“Let yourself be silently drawn by the strange pull of what you really love. It will not lead you astray.” – Rumi
Most of us are familiar with Rumi’s quotes on love and life. I never tire of his visionary quotes. The fact that this poet and theologist from the 13th century has said so many things that resonate with little old me … well, intriguing. I was thrilled when the novel based on the woes of Rumi’s love, The Forty Rules of Love, by Elif Shafak, was picked as our recent book club read. Not only is Elif Shafak the most widely read woman novelist in Turkey, but the story of Rumi and his love completely intrigued me.

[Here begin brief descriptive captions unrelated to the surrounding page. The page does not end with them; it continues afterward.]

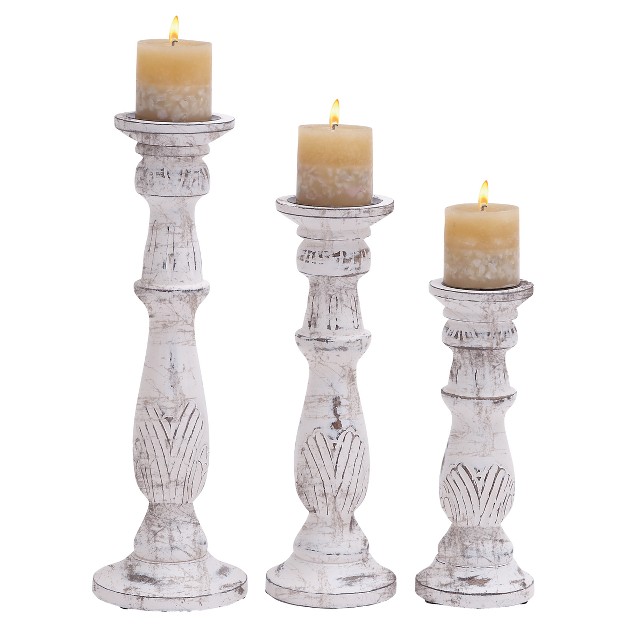 Traditional Candle Holder Set Of 3 White Olivia amp May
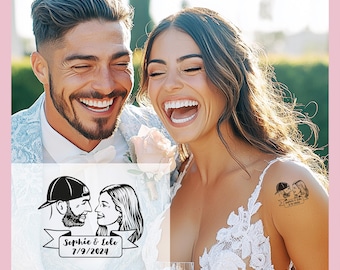 Tatuajes temporales de retratos de pareja personalizados: un recuerdo de boda único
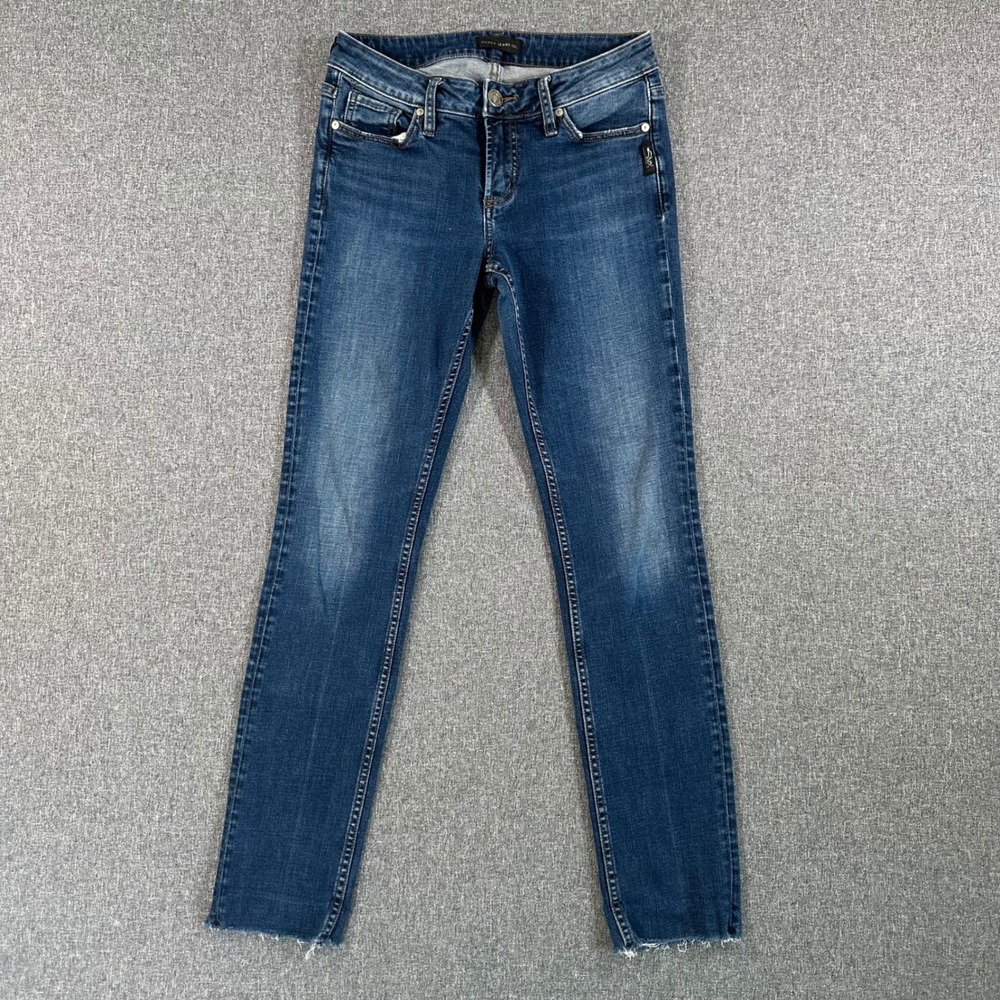 Silver Jeans Co Elyse Slim Dark Wash Raw Hem Stretch Denim W25 L27 Womens Jeans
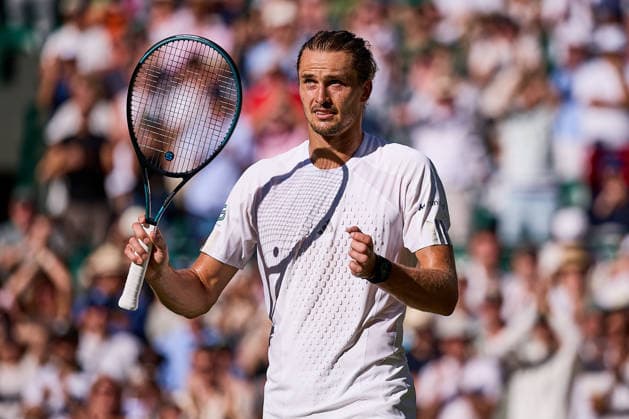 July 5, 2026, London, London, Great Britain: Alexander Zverev of Germany reacts very emotional after the Match point during The Championships Wimbledon , 4.7.2026 in London (All England Lawn Tennis and Croquet Club), Great Britain Tennis 2026: Wimbledon: ZVEREV 6:2 7:6 6:4 GIRON  - ZUMAs343 20260705_zsp_s343_013 Copyright: xMathiasxSchulzx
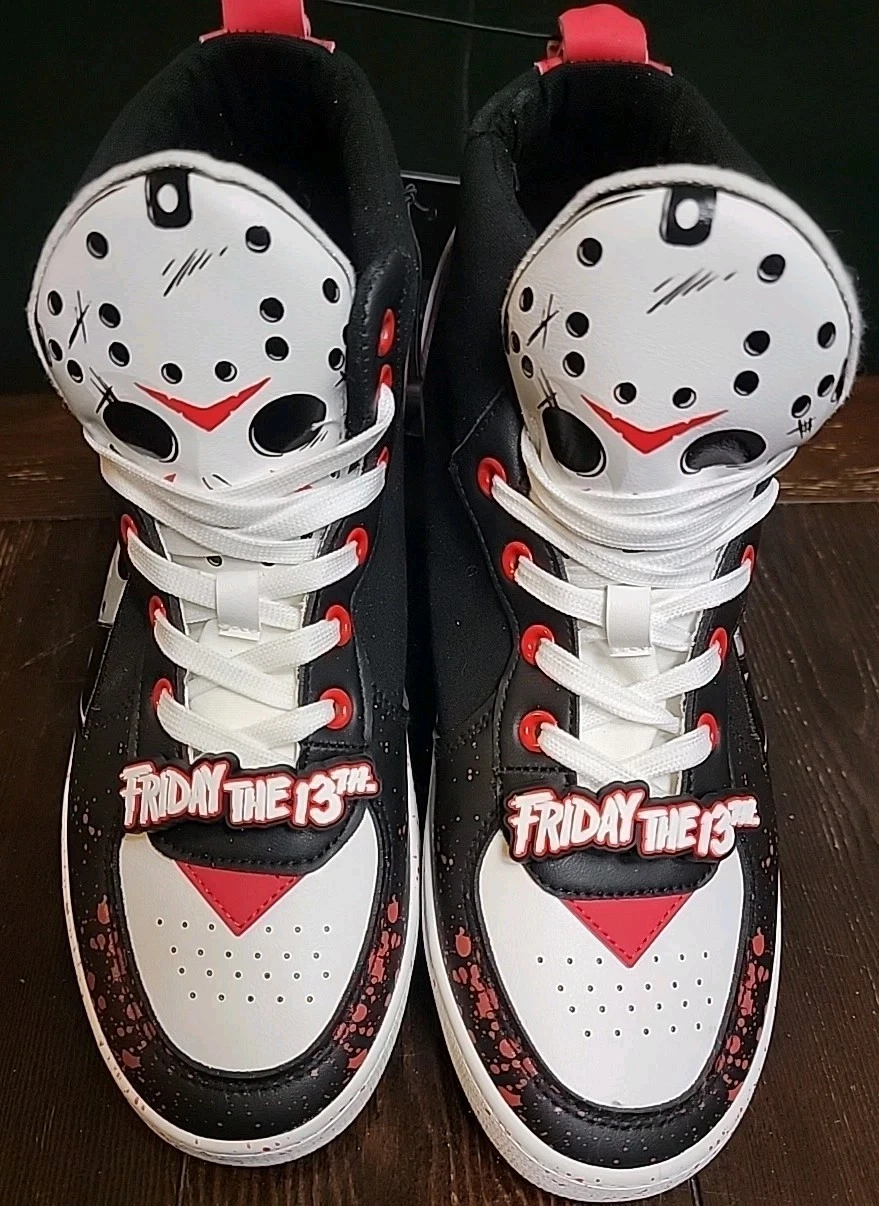 Rare Jason M 9.5 Friday The 13th HIGH Top Shoes Sneakers Black White RED ** NEW*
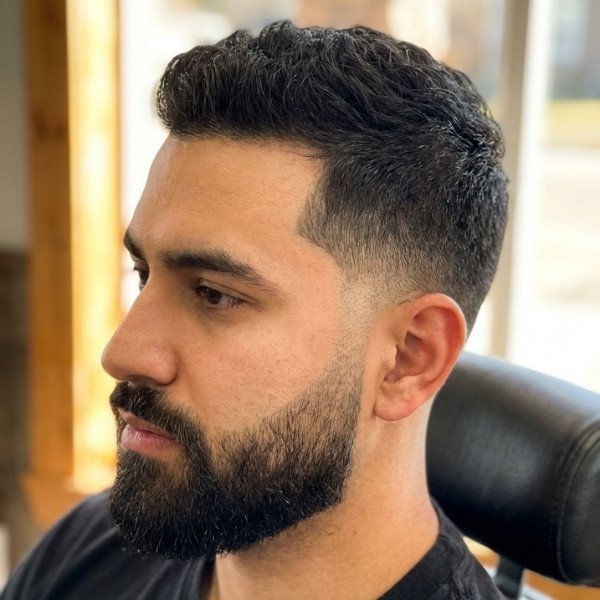 Temple Fade with Beard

I’m always up for a novel based on an intriguing character from the past. In her novel, Shafak weaves two vastly differing narratives together. The first takes place in the 13th century when Rumi encounters his spiritual equal and wandering dervish, Shams. The book details how their relationship transpires and intertwines with the townsfolk and all of those who followed Rumi’s teachings. The other is of Ella in modern-day Boston and her encounter with a far-off author, Aziz, who writes of Rumi and Shams’ story. Both stories are about love and how it unfolds in unexpected ways: Rumi and his love for Shams and what Rumi is willing to do for that love … Ella and her love for Aziz and what Ella sacrifices.

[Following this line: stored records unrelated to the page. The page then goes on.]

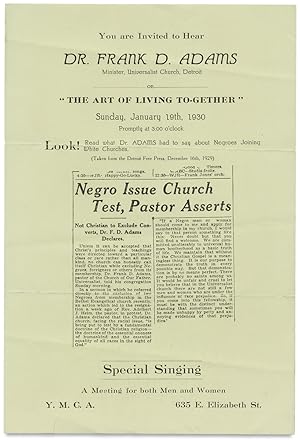 [Racial Harmony in 1930:] You are Invited to Hear Dr. Frank D. Adams Minister, Universalist Churc...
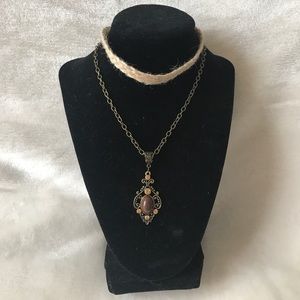 Brown rope chain choker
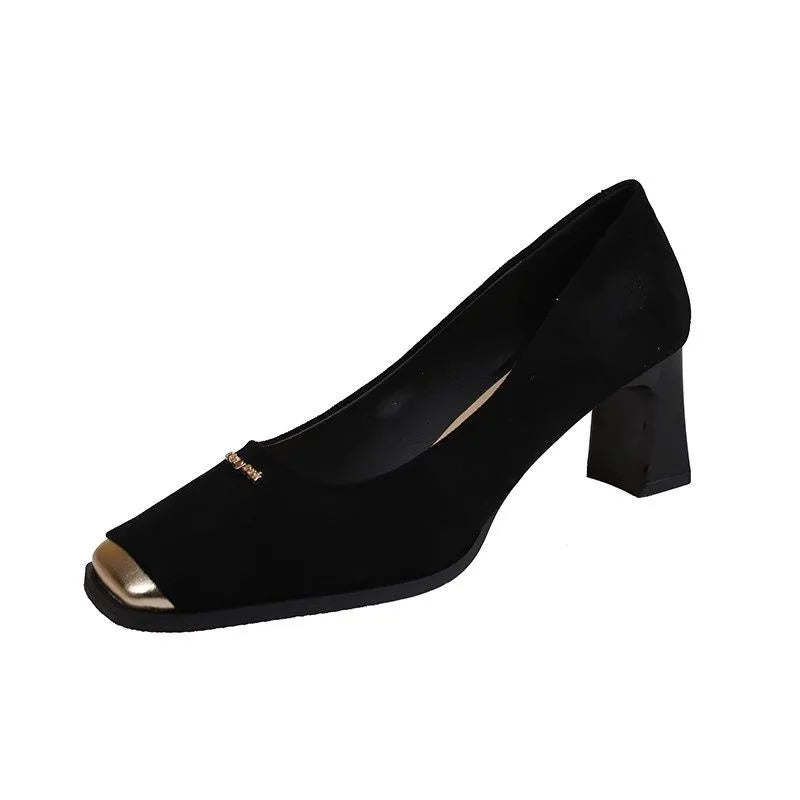 Leopard Print Buckle Pumps Square Toe Stripper Party Concise Splice Ladies Shoes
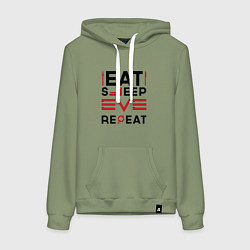 Толстовка-худи хлопковая женская Надпись: eat sleep EVE repeat, цвет: авокадо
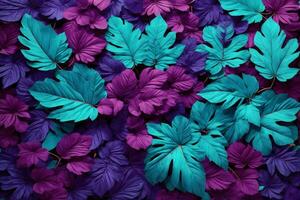 Purple and Cyan Colorful Leaves Background, Leaves Background, Leaves Wallpaper, Leaves Pattern, Fallen leaves Background, AI Generative photo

I loved Rumi and Shams’ story. The characters were compelling, dynamic, and believable. Ella and Aziz’s story was less believable for me. That Ella—an unhappy, cheated-on housewife—decided to change her course was understandable (although permissible is another discussion). But for the worldly, spiritual Aziz to fall for her, was too far-fetched for me.
In the end, the paralleled awakenings of the characters in the novel were still worth the read, and the story of far-off lands and times and loves was so enjoyable, I happily read Shafak’s novel to the finish and would read another of her works. But I hope she leaves out the modern-day tie-in next time.
Because of the recent decade of wars in Iraq and Afghanistan, and ongoing sanctions with Iran, I forget that the Persian Empire was an intellectual and thriving era. From this area came many contributions to society and Rumi is just one piece of that era we still find ourselves amazed at today.
I so enjoyed the small glimpse of the Persian Empire in this novel. 🙂
Just from reading your review, I get the impression I’d be annoyed by Ella, so I think you’re right about the modern tie-in. Not everything historical has to be drawn into modern days so that we can understand it.
I absolutely agree. In fact, the beauty of the past is too often overpowered by the present.